In the 100 years since the proposition by Abbe and Bjerknes, computers have emerged, evolved, and enabled meteorologists to simulate and predict weather conditions. However, the success rate of these predictions continues to limit confidence in these same systems.
This challenge can be noted by the Nasa-developed organisation SciJinks, which states that “A seven-day forecast can accurately predict the weather about 80% of the time, and a five-day forecast can accurately predict the weather approximately 90% of the time. However, a 10-day or longer forecast is only right about half the time.”
Computational evolutions, such as the age-old AI (artificial intelligence) technology, could potentially improve these forecasts. Artificial intelligence is a technology that dates back to the 1940s, yet its recent mainstream attention has opened the eyes of the public to the immense potential of the technology.
Can AI potentially help predict climate disasters? This enhancement will, of course, have to be an improvement on the current models.
According to a 2017-2020 report published by the weather intelligence service ForecastWatch, IBM, the industry standard for weather prediction technology, has already begun the use of artificial intelligence in its weather prediction systems, and they argue that their approach achieves this hope of enhanced accuracy.

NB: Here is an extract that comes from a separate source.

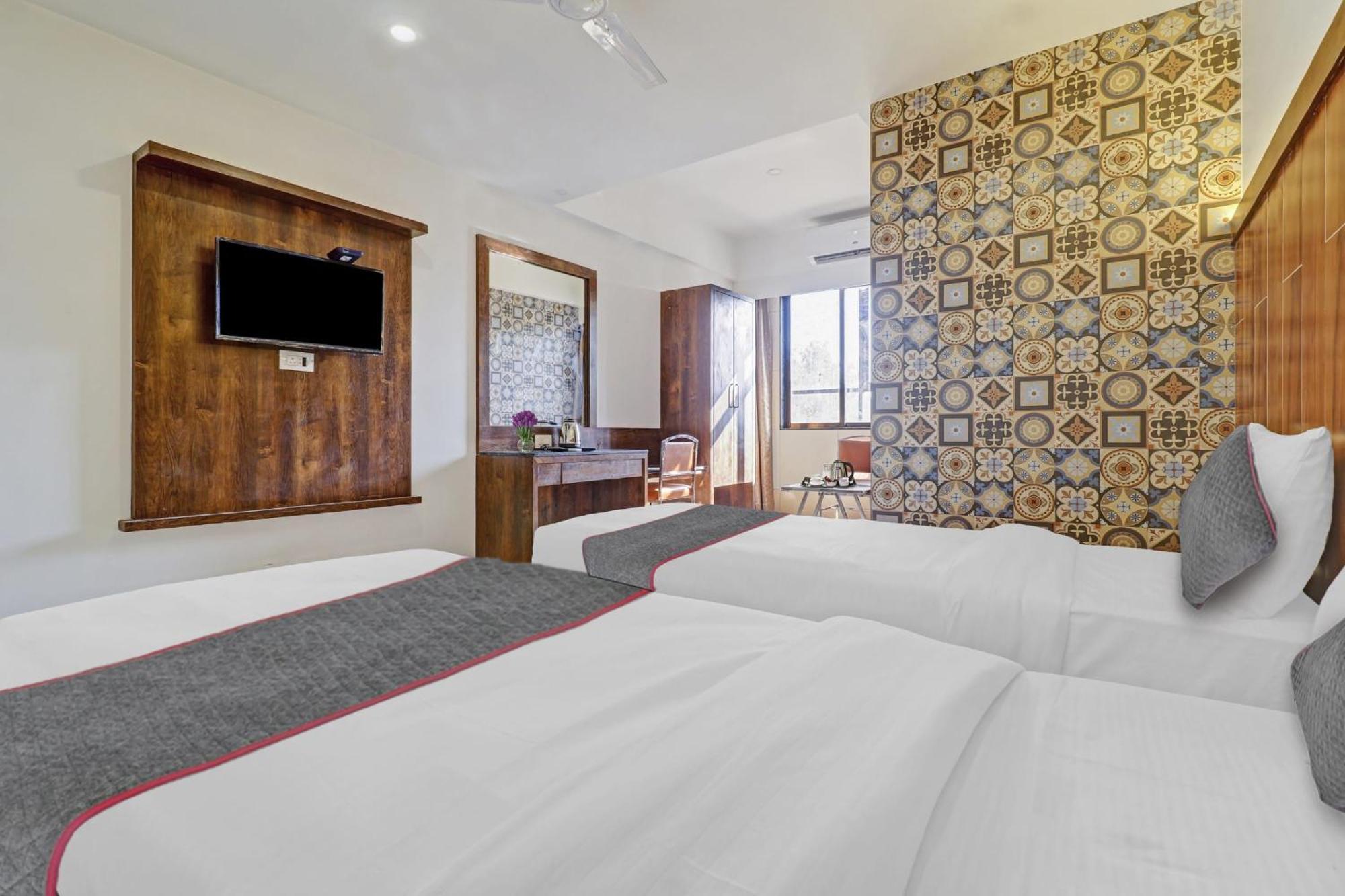 Townhouse Vandana Residency Amarnāth المظهر الخارجي الصورة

The significance of these developments in AI is great because disaster risk practitioners and policymakers may be best prepared for climate risk management and strategies if they are able to utilise these tools to receive timely alerts.

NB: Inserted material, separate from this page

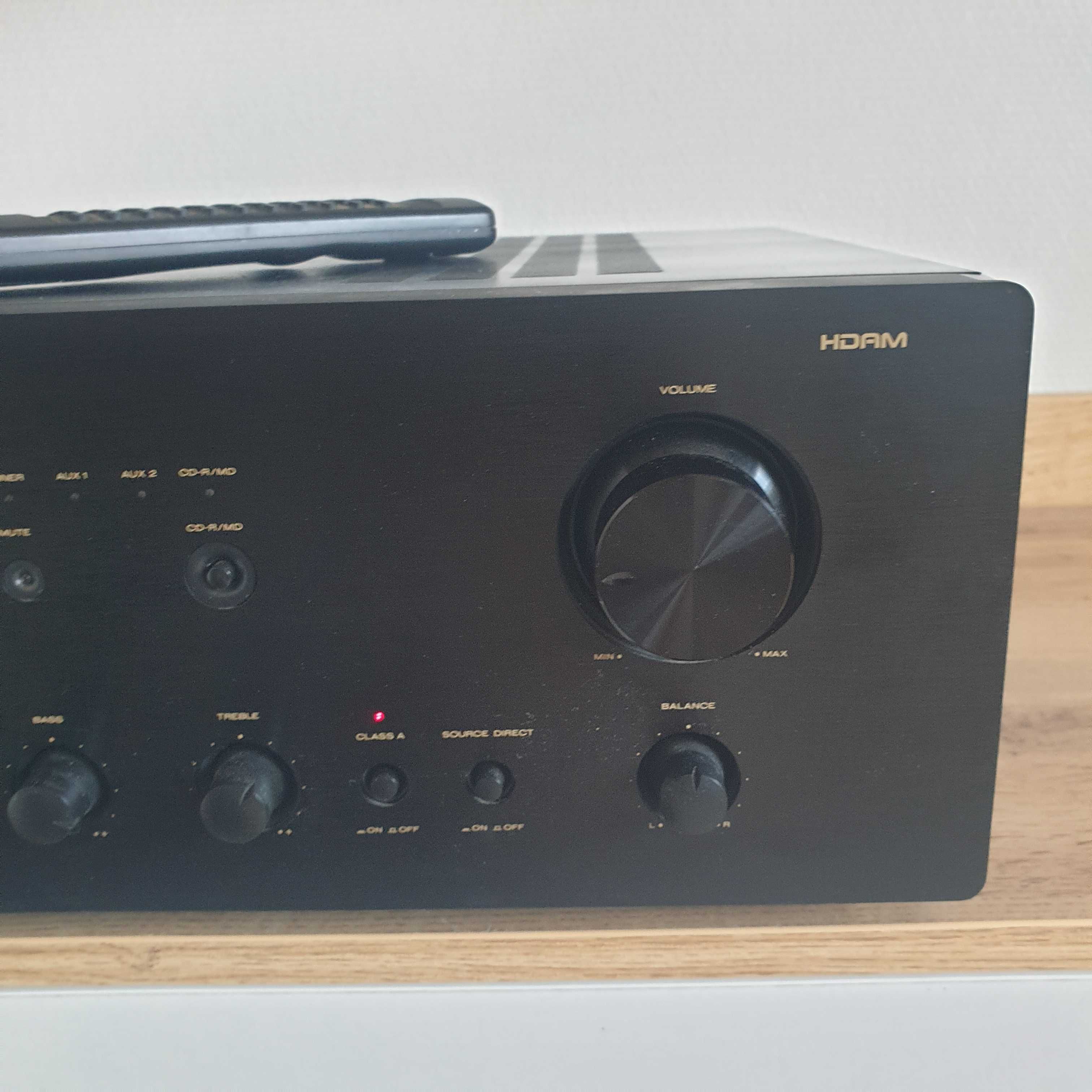 Marantz pm 7200 wzmacniacz stereo A klasa pilot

Of course, sceptics will inquire about the accuracy of these AI models. These sceptical remarks are highly welcome because no prediction algorithm, to date, has a 100% success rate.

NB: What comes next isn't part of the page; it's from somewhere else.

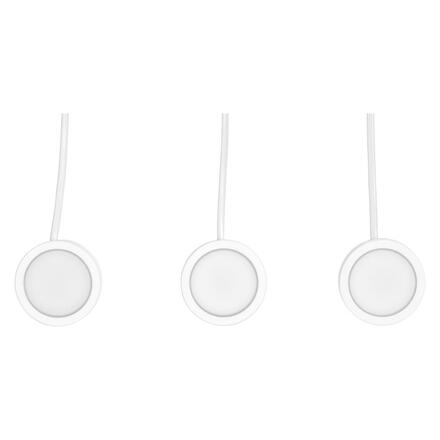 LEDVANCE svítidlo pod skříňku Undercabinet Spot Puck 65mm 3 x 3W bílá 4058075791565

Dr Amy McGovern corroborates this in her interview on MyRadar Weather News. She highlighted how a slight variance in weather of one degree Fahrenheit (-17.2 degrees Celsius) could lead to freezing rain. By citing the butterfly effect, Dr McGovern warns that, at this stage, no model to date is 100% accurate. In the discipline of meteorology, a slight variable change can lead to unpredictable variations.
In weather forecasting, these minute differences, as noted in the butterfly effect, can have major implications for society and contribute to unexpected catastrophes. Simply put, the butterfly effect states that weather conditions between two weather systems can vary if there is a small variation at the start of a weather system’s formation.
The previously noted variance can lead to a totally different outcome between the two starting systems. AI, however, is a potential game changer for disaster risk management because any enhancement to the prediction of climate disasters could aid in the enhancement of preparedness.
Organisations that could benefit from this enhanced alert time include South Africa’s Gift of the Givers, The Association of Caribbean States, and the International Federation of Red Cross and Red Crescent Societies.
Climate change mitigation remains paramount, but tracking and monitoring through enhanced computational methods of AI could save lives and prevent some unexpected climate disasters.
The technology is still in its infancy, but the progress to be made is inspiring. This is immensely beneficial to the potential lives saved from enhanced response times and planning.
Blessing Mbalaka is a technology enthusiast and junior researcher at the Institute for Pan African Thought and Conversation, University of Johannesburg.